The French diet, while high in fat, is mostly made up of healthy fats. Dairy and vegetable fat, as well as fat from fish, make up a major portion of the fat French citizens consume. The French also eat little to no trans fats, which are the fats that come from hydrogenated oils (the majority of fats consumed in the USA). Trans fats cause heart disease. The French also eat less sugar, more fish, and snack less than people of other countries. They eat smaller portions of food and eat their food more slowly, allowing for proper digestion. The French drink plenty of water and eat more mindfully.

 

In addition, the French sit and relax while eating, instead of multi-tasking (as commonly seen in American culture). Also, Central and Southern France have a climate of warmer weather. The comfortable temperatures allow the French to enjoy outdoor activities such as sports and exercise.

 

Another factor in France's overall low levels of heart disease may be the red grape. Red grapes contain high levels of the antioxidant resveratrol. Resveratrol has been shown in studies to lower the incidence of cancer and heart disease. Some suggest that the French predisposition for drinking red wine may contribute to the "French Paradox."

 

While resveratrol is contained in red wine, studies have shown that red wine contains low levels of resveratrol. The wine may be a factor in decreased heart disease because of two other ingredients, procyanidins and polyphenols. Researchers feel that these two ingredients provide human blood vessel cells high levels of protection. Researchers have also found that consuming 200-300 mg of these nutrients can help to lower blood pressure.

 

Interestingly enough, a Red Delicious apple contains 200mg of polyphenols and procyanidins. And, before you start jugging bottles of wine, procyanidins and polyphenols are found in the highest concentrations in European red wines (mostly in wines from southern France) due to the Tannat grape, which is indigenous to that area. Unfortunately, the Tannat grape is usually not found in American, Australian or other wines.
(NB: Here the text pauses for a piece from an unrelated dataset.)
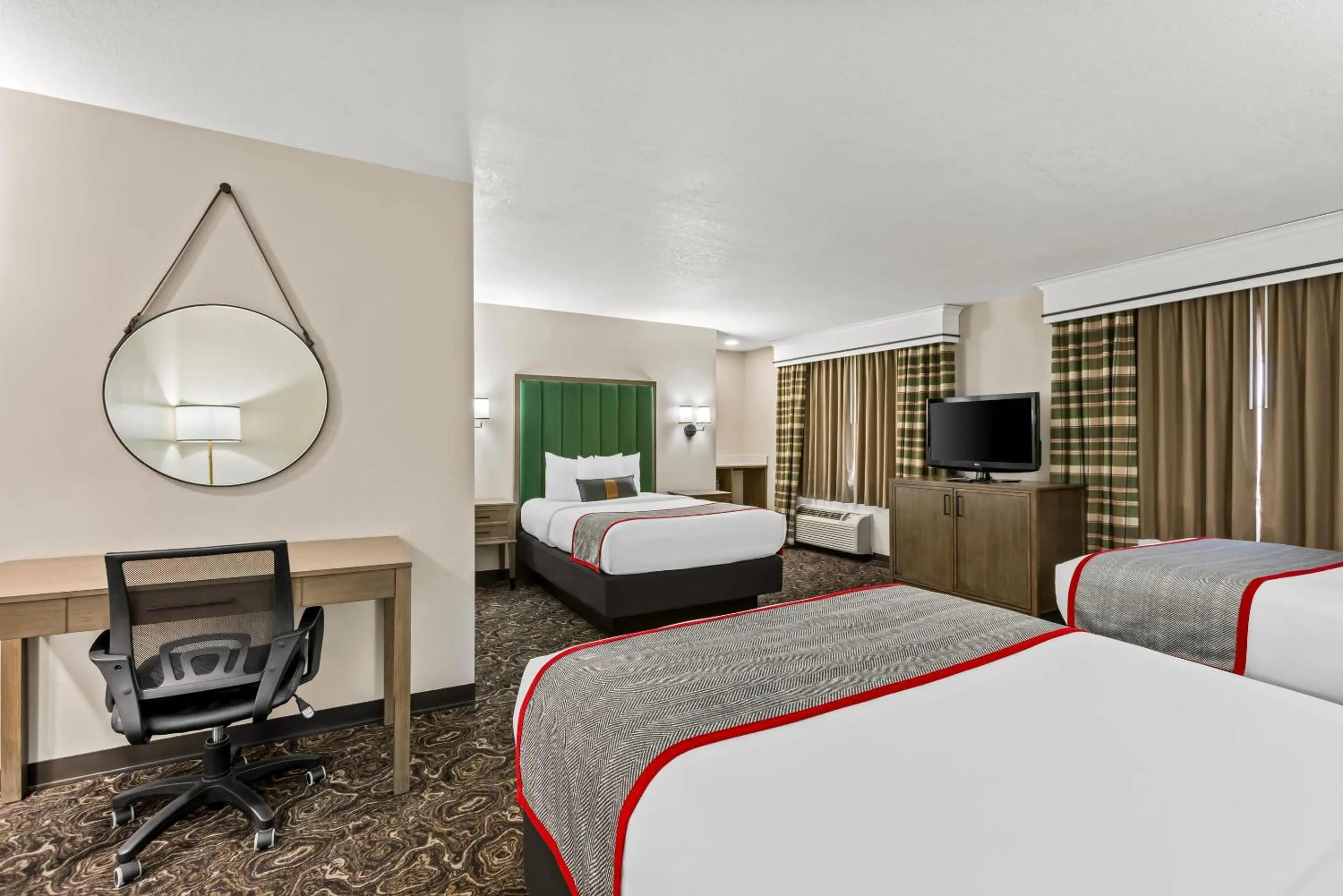 Bedroom, Bed in Lumber Jack Lodge, an Ascend Collection Hotel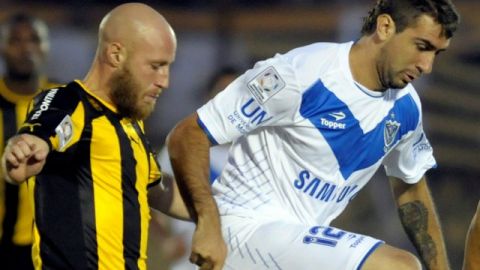 Aficionados causaron destrozos durante el juego entre Peñarol y Vélez Sarsfield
Also, you must note that drinking more than 2 small glasses of wine (4-5 ounces) each day can negate the health benefits of drinking the wine.

 

THE POINT:

 

After careful investigation, the "French Paradox" isn't actually a paradox. It is the result of smart dietary choices. Eat healthy fats, drink plenty of water, eat less, eat foods high in antioxidants, get plenty of exercise and relax while you are eating. Sounds like a smart way to be healthy and happy if you ask us!